I wanted to kill him.

I confronted him; he refused to pay. I threatened to report him for elder abuse; my siblings said no, we’re family, we’ll take care of it—then did nothing.

I tried all the tools in my spiritual arsenal to quell my boiling anger, but there wasn’t a snowball’s chance in hell that my justified rage would budge.

After my mother died, I became the executor of her estate, which declared that assets would be distributed equally among all five children. I wanted my brother’s porn-addiction debt debited from his inheritance. Again, my siblings prevailed against it.

On the day I closed my mother’s phone account, I poured my frustration out to the Comcast customer service rep, who listened patiently, then simply said,

“Sweetheart—your mother just died.”

I collapsed into a ragpile of tears on the phone with that kind lady.

A week later, feeling utter dread as I approached the church where my mother’s body lay, the first family member I saw, standing on the side balcony, was my brother.

He flashed me a weak smile, and in an instant I saw—his pain, his vulnerability, his need to medicate with addictions—his utter fragility as a human being on this planet.

And it was gone.

The righteous anger evaporated, leaving an echo of space where the rage had been.

This was not just my porn-addicted brother; this was the brother who taught me to read and protected me against bullies and tickled me until I cried laughing.

We hugged and wept for our shared loss.

After the funeral, I received a note from the customer service rep. All pay-per-view costs were dropped from my mother’s final bill.

We Suffer Because We Hold On

The Second Noble Truth of Buddhism states that we suffer because we hold on. Like the classic story of the monkey that risks its life because it can’t release the banana in the box-trap, we perversely find it easier to hold onto toxic resentments than we do to release and forgive.

For us women, forgiveness is especially problematic.

Not only do we believe that we should forgive immediately, like those playground children; we also bear the burden of social conditioning to be sweet, be pretty, be helpful to others. We are told to never look bad, smell bad, raise our voices, be a problem to others, get in the way, or upset anyone else.

A vital stage of the forgiveness process is feeling fully the depth of our pain, meeting those un-sweet and un-pretty parts of ourselves that hold the keys to our transformation. If we can’t release our embarrassment about our anger, true forgiveness will elude us.

Another challenge to forgiveness is that, in the words of medical intuitive Carolyn Myss, “We are addicted to the ‘eye-for-an-eye’ mentality.” If someone harms us, we believe resolution will come when the perpetrators have paid the penalty for their actions.

I believed my peace of mind lay in settling the phone bill rather than understanding the wound that drove my brother’s behavior.

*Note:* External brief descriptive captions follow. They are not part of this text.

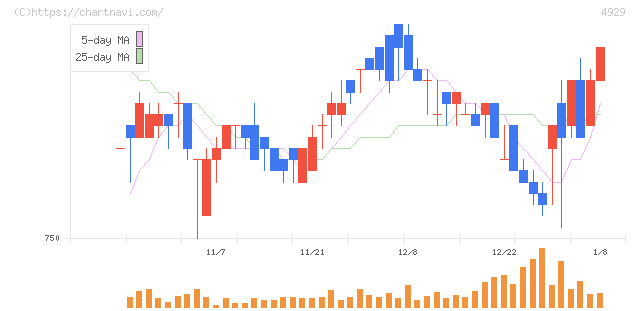 アジュバンホールディングス(4929)の日足チャート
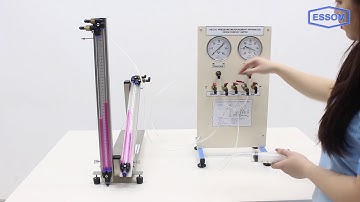 HB210 PRESSURE MEASUREMENT APPARATUS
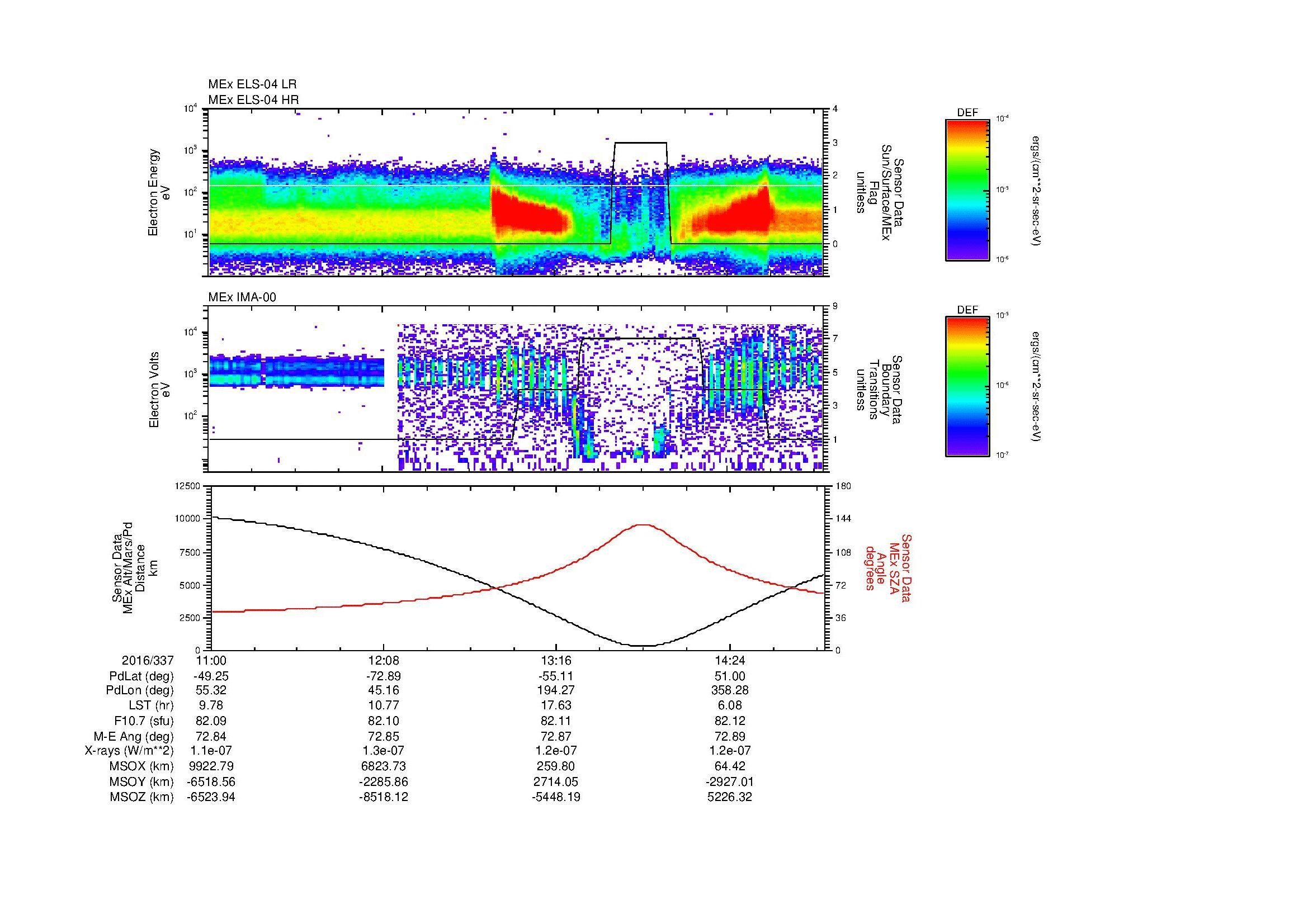 SurveyImages/MAVMPB_MExBS_2016337_1100_2016337_1503_B_Quicklook_ELS04_IMA00.gif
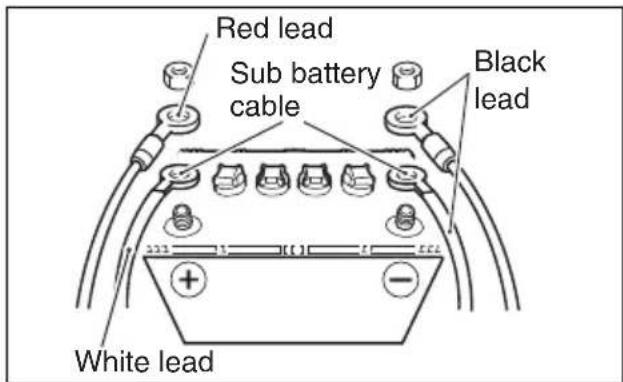 Red lead Sub battery cable Black lead White lead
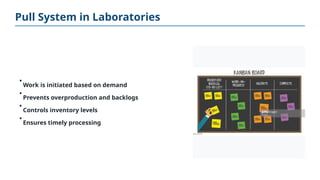 Chapter 4 LEAN Laboratory Management.pptx
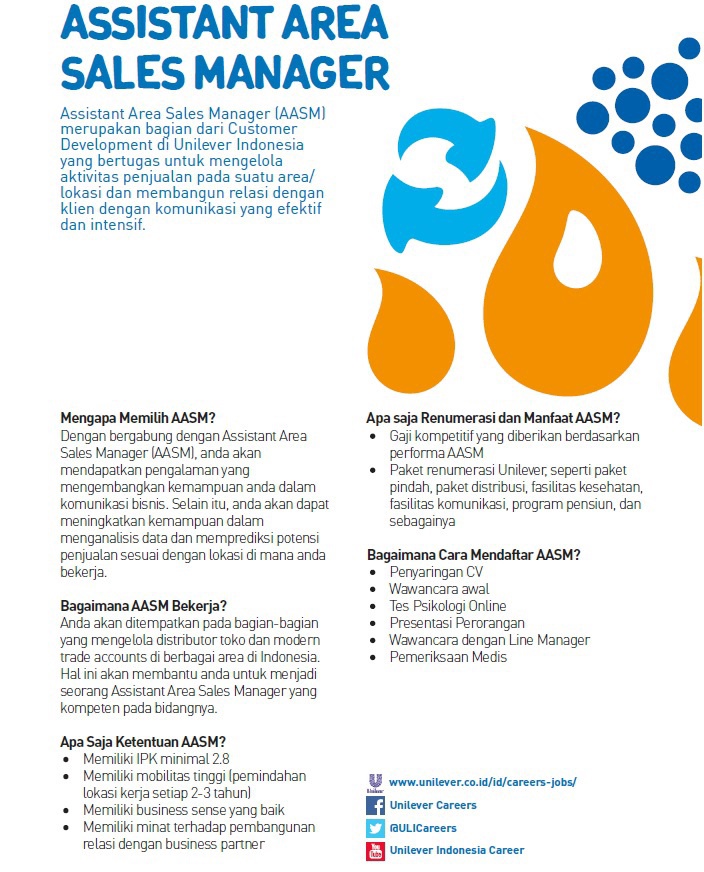 Lowongan Kerja Assistant Area Sales Manager Unilever Rekrutmen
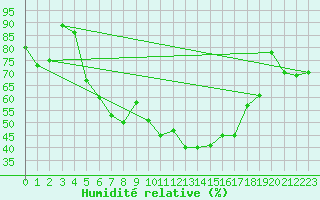 Courbe de l'humidit relative pour Moenichkirchen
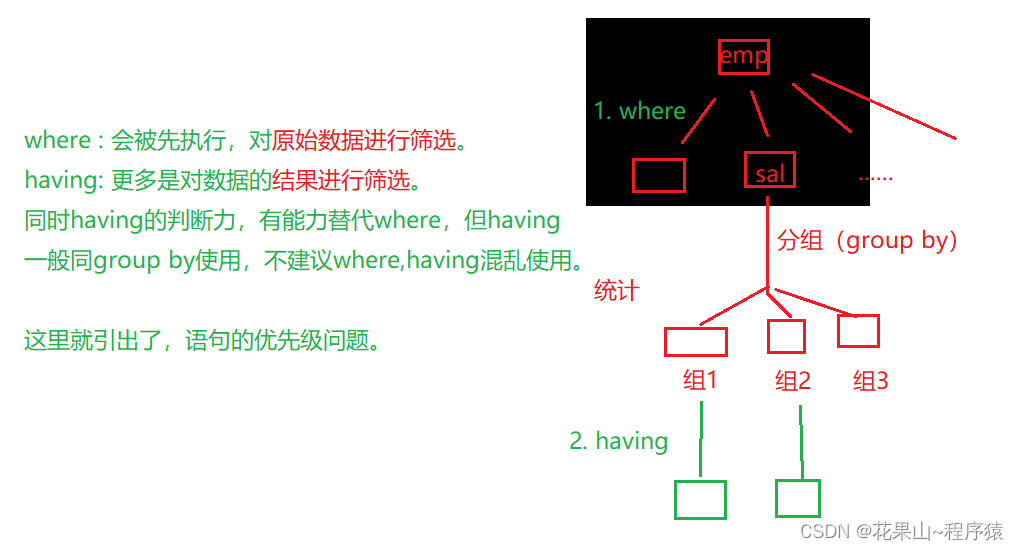 表查询基础【mysql】【表内容 增，删，改，查询】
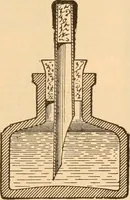 An illustration from Illustrated catalogue of Wadsworth, Howland & Co. : importers and dealers in artists' supplies and architects' and engineers' stationery. (1885)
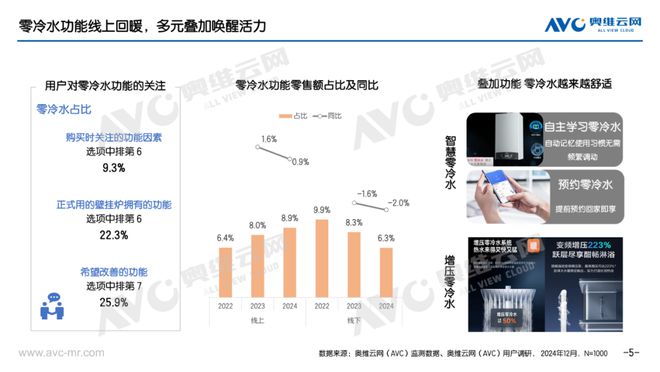 年报专题2024年壁挂炉市场总结：多元需求下的舒适集成之路(图5)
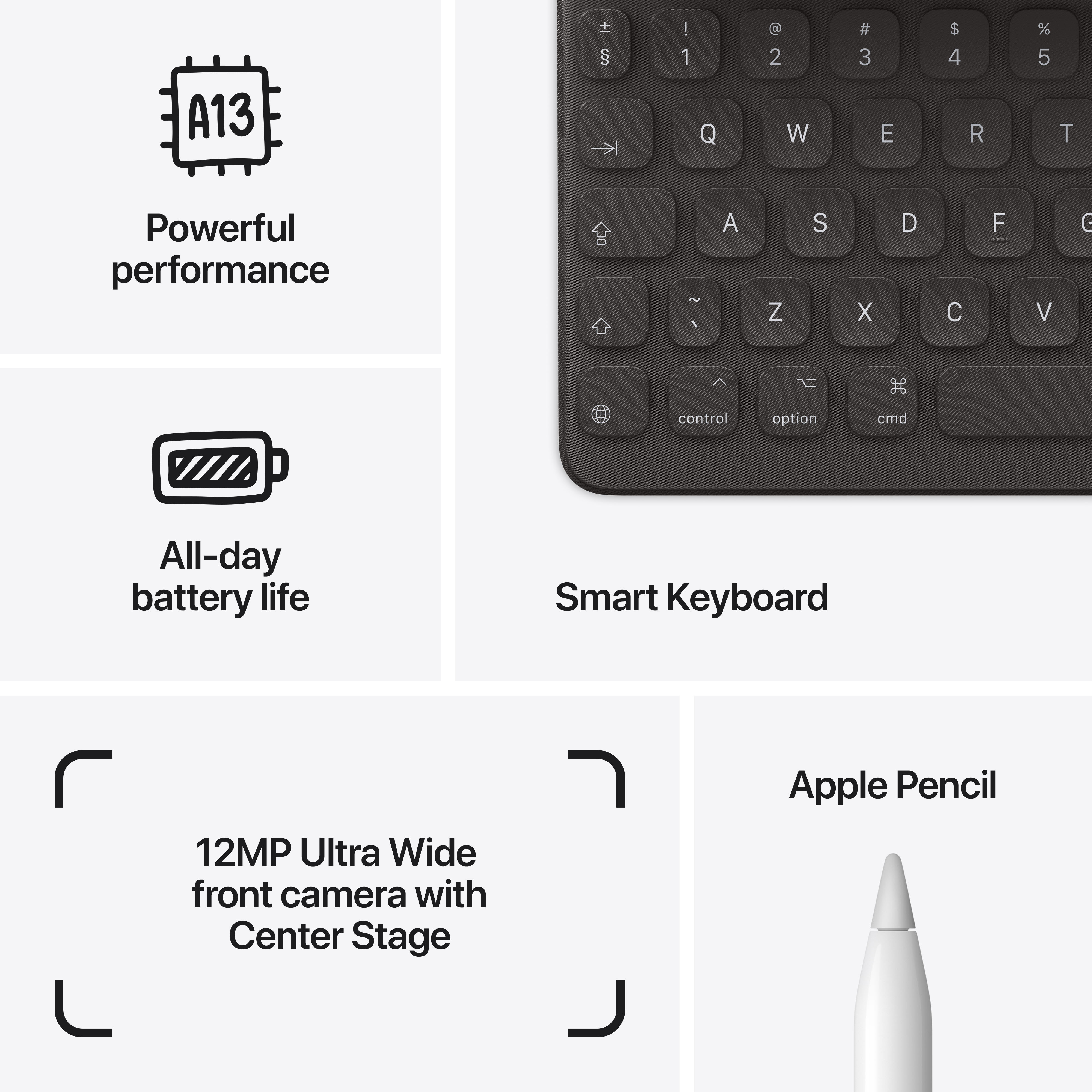 Apple iPad 256 Gt WiFi 2021 -tabletti, tähtiharmaa (MK2N3)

While there certainly is a place for setting the books straight, our confusion of justice with mercy leaves us still smoldering even after the price has been paid.

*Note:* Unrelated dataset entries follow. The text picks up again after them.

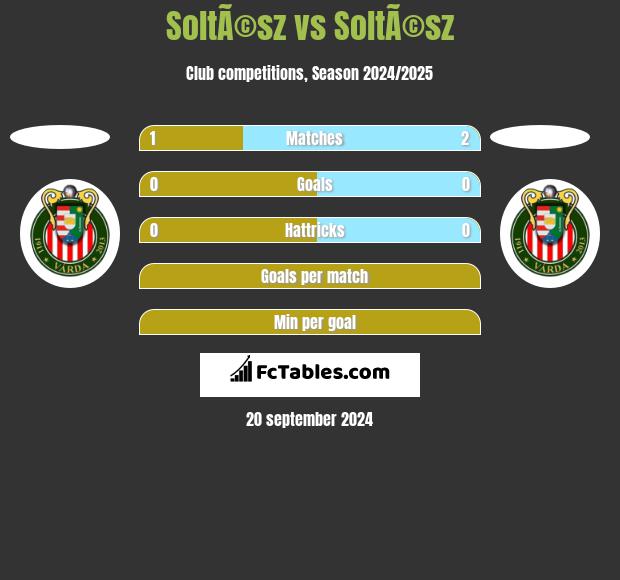 SoltÃ©sz vs SoltÃ©sz h2h player stats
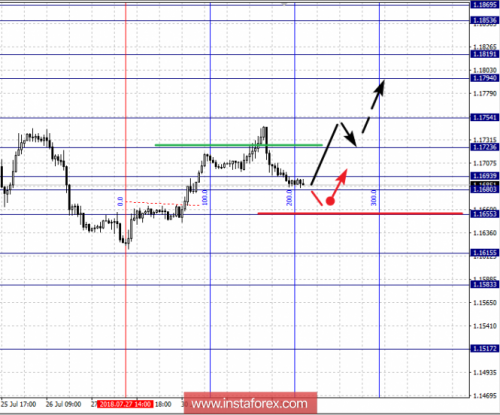 forex-fractal-analysis-01-08-2018-1.png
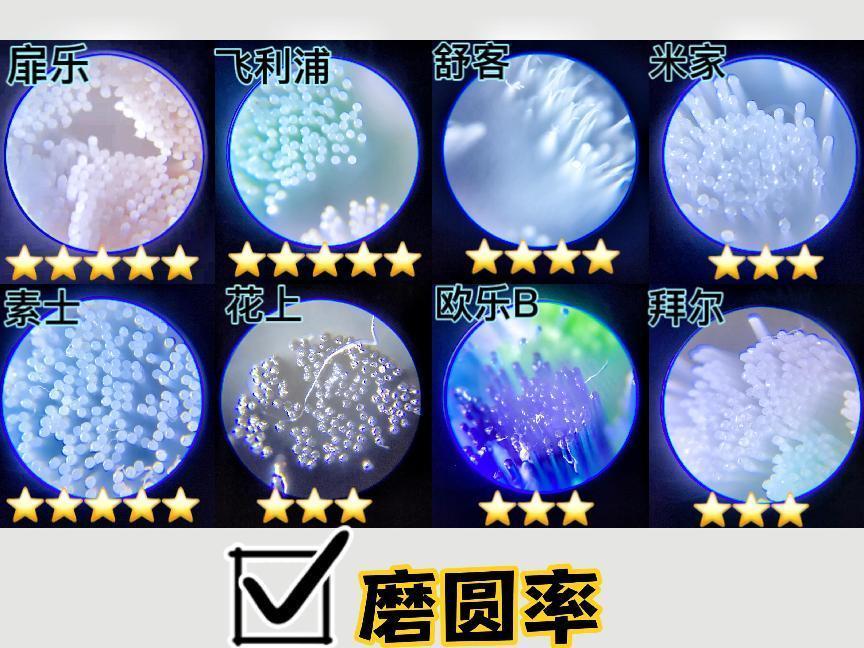 电动牙刷该怎么测评,电动牙刷评测欧乐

A Different Take on Forgiveness

Webster’s Dictionary has two simple definitions of forgiveness:

1. to stop feeling anger toward (someone who has done something wrong) : to stop blaming (someone)
2. to stop requiring payment of (money that is owed)

If you merge these two definitions, you can see that our life force is a form of currency.

When we hold on to an old grievance, we’re taking present-time life force and sending it into our past to keep an old wound alive.

In doing so, we create energetic debt. Over time, the debt creates degenerative disease, addictions (food among them), and spiritual bankruptcy: shame, bitterness, resentment, and so forth.

Forgiveness, then, is canceling the debt.

It’s bringing our emotional currency into present time and exchanging the you-owe-me attitude of justice for a much braver vision of mercy.

It means releasing those who have harmed us, or who we have harmed, from responsibility for our life. It means calling our spirit home from the people, places, and circumstances it has unwittingly wandered into.

Most importantly, forgiveness is not a one-time event. It’s a way of life.